As we received more messages, some of them became more urgent. Some of these new Victims were panicked because they had done the work and then sent money to the Scammers. One of them had sent $1,500.
How does this work?
We believe that these scams start with a job posting on sites like Freelancer.com and Upwork. The Scammer then asks the Victim to move their communications off the original platform and to communicate directly through Telegram or another messaging platform, including email.
The Victim is given work that seems legitimate, and completes the task. When the Victim seeks payment, the Scammer then requires the Victim to establish an account for payment, which requires the Victim to send an “account registration fee” to the Scammer. This advance-fee scam is not new. Similar scams have been around in various forms for decades or longer, including the Spanish Prisoner and Nigerian Prince scams.
The Scammer promises that the account registration fee will be refunded upon the Scammer’s payment for the Victim’s work. At this point, many of the Victims realize that they have fallen for a scam. But some Victims, having already done some work and not wanting to walk away from a potential payment, go ahead and pay the account registration fee. A behavioral psychologist might refer to this as an escalation of commitment or sunk-cost fallacy.

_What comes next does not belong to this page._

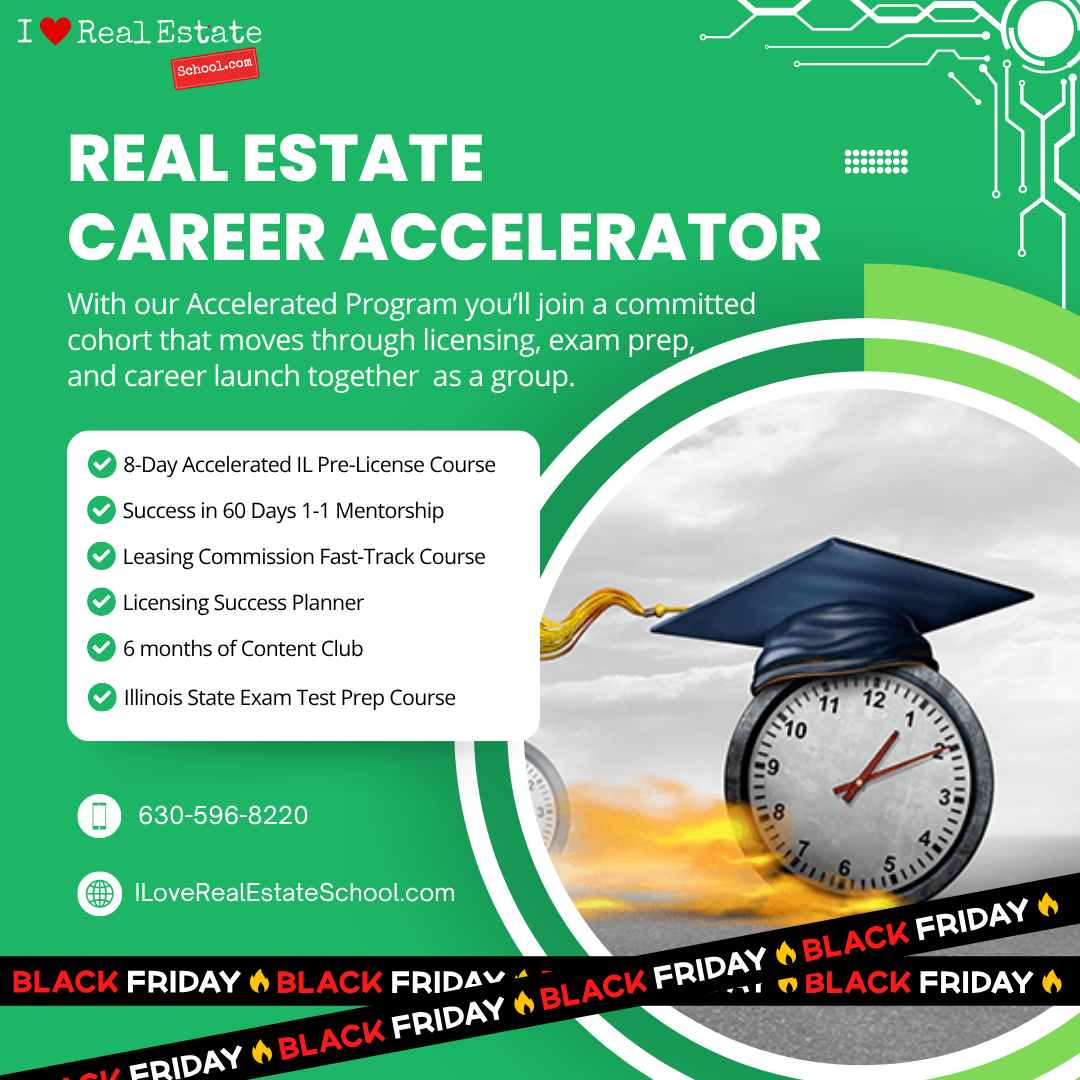 Real Estate Career Accelerator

In a few cases, the Scammer further escalates the commitment by asking the Victim to make an additional payment to link their account.
How can freelancers protect themselves?
According to HR statistics, freelance work in the US has been on the rise, with 53 million registered freelancers in 2014 versus 59 million in 2020. So how can these freelancers protect themselves? The first thing that people can do when working on freelance projects is to always work through the platforms. They have established policies in place to ensure that payment happens once the job is completed and that payment should happen directly through the platform. Being asked to move communication to email or another platform should be a red flag.

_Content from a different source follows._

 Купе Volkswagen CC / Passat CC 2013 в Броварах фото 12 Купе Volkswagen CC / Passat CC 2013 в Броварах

Secondly, there is absolutely no reason that we can think of where a legitimate company would ask you to provide payment in order to get paid. If it sounds like it doesn't make sense, it probably doesn't.
Third: watch out for projects that look too good to be true. The pay for the projects that we've seen were quite generous and this of course gets people more interested. If it seems like you are being overpaid for the amount of work involved, keep your guard up.

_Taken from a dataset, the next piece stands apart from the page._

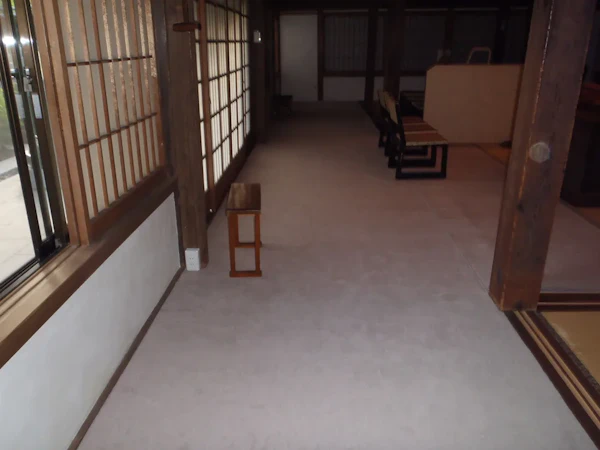 簡易改修終了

What are you doing to stop this? What can other companies do?
We aim to work with the freelance platforms and relevant law enforcement to try to prevent these types of scams from happening. Below are some contacts and links that we used so you can use them if needed. If you become aware of a scam online posting, please report the posting and/or the user to the relevant platform.
Also, provide a way for people to contact you. People who have lost money are very resourceful about getting in touch with someone who can help. We have seen direct messages on social networks, emails to every alias listed on our website, and well as personal telephone outreach to team members and their families. By posting a link on our Contact Us page, we have made it easier for people to connect with our legal team and get additional information.
Open request to freelancing platforms
As we discussed how to handle this internally, one of the things that we think could provide a significant Improvement in the freelance ecosystem would be to allow companies to become certified. This would be similar to the blue check on Twitter. This way, a freelancer would know that the job is legitimate and coming from the official company account. It seems like a step in the right direction. It appears there is something similar for individuals, but we couldn’t find anything for companies.
We are not experts in this area, so there may be other things in place or better ways to solve this problem. We'd love to start a discussion about how we can do that. For now, know that Marin's cyber security practices are strong. If we need any freelance assistance, we will not be contacting anyone through Telegram or Whatsapp.
As we live in a world with increasingly remote employees, we expect that we will all face more of these types of threats. We all should keep our guards up.